**** SUPPLIED DATA ****

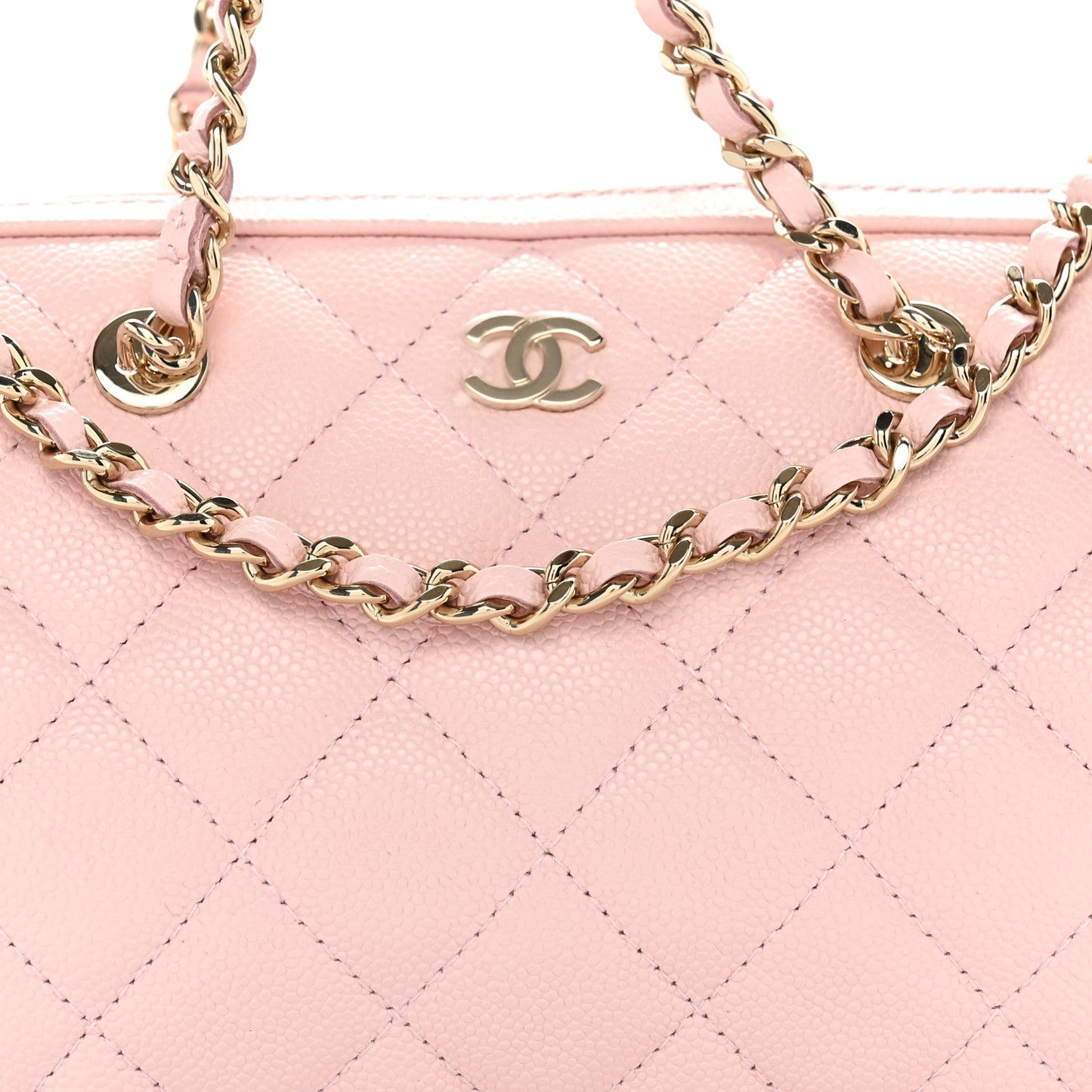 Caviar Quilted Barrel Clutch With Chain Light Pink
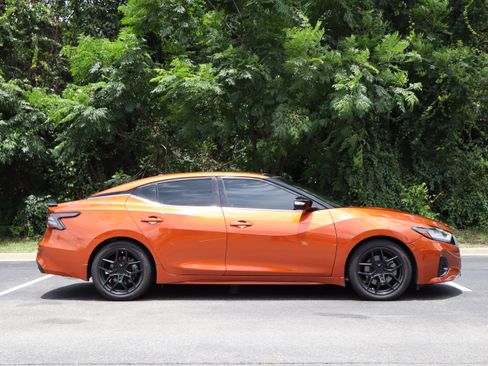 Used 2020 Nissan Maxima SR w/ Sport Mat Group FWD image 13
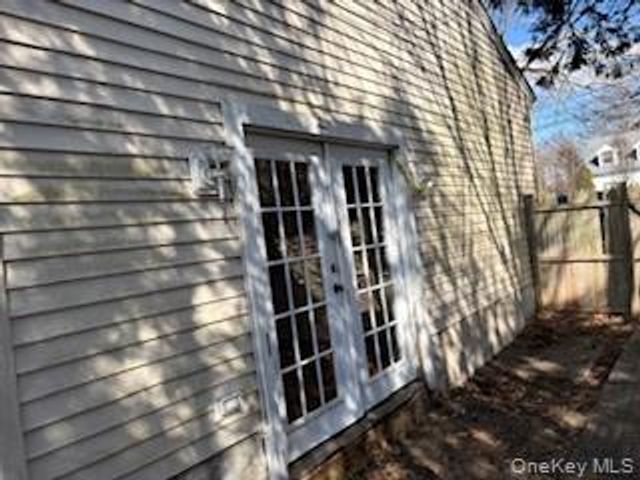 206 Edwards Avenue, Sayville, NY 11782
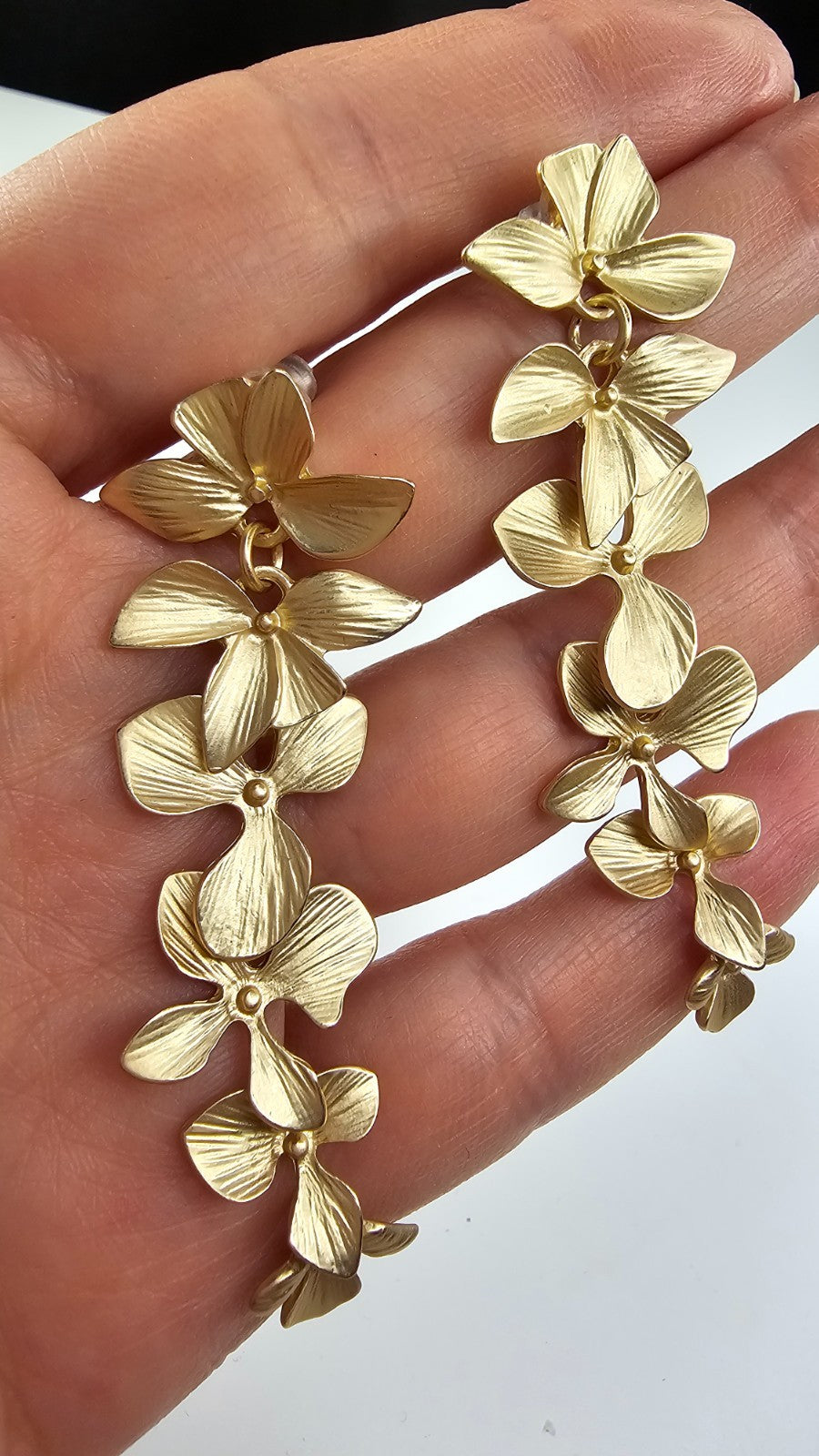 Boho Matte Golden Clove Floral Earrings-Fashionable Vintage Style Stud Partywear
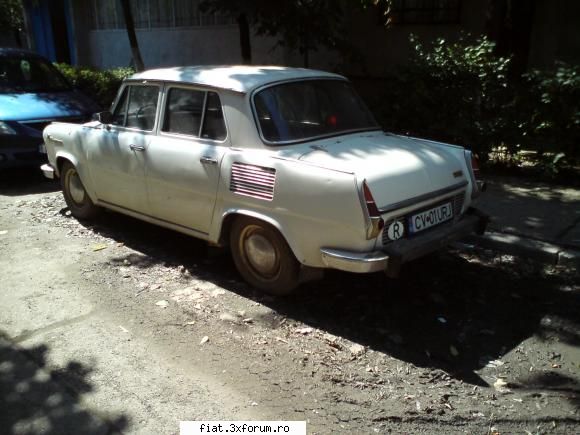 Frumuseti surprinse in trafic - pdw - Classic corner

****

[EXERCISE DESCRIPTION]: If a picture falls within the span, leave it out, and reproduce exactly the lines from the one containing "Used 2020 Nissan" through the end of the material, and no others.

[OUTPUT]:
 Used 2020 Nissan Maxima SR w/ Sport Mat Group FWD image 13
 206 Edwards Avenue, Sayville, NY 11782
 Boho Matte Golden Clove Floral Earrings-Fashionable Vintage Style Stud Partywear
 Frumuseti surprinse in trafic - pdw - Classic corner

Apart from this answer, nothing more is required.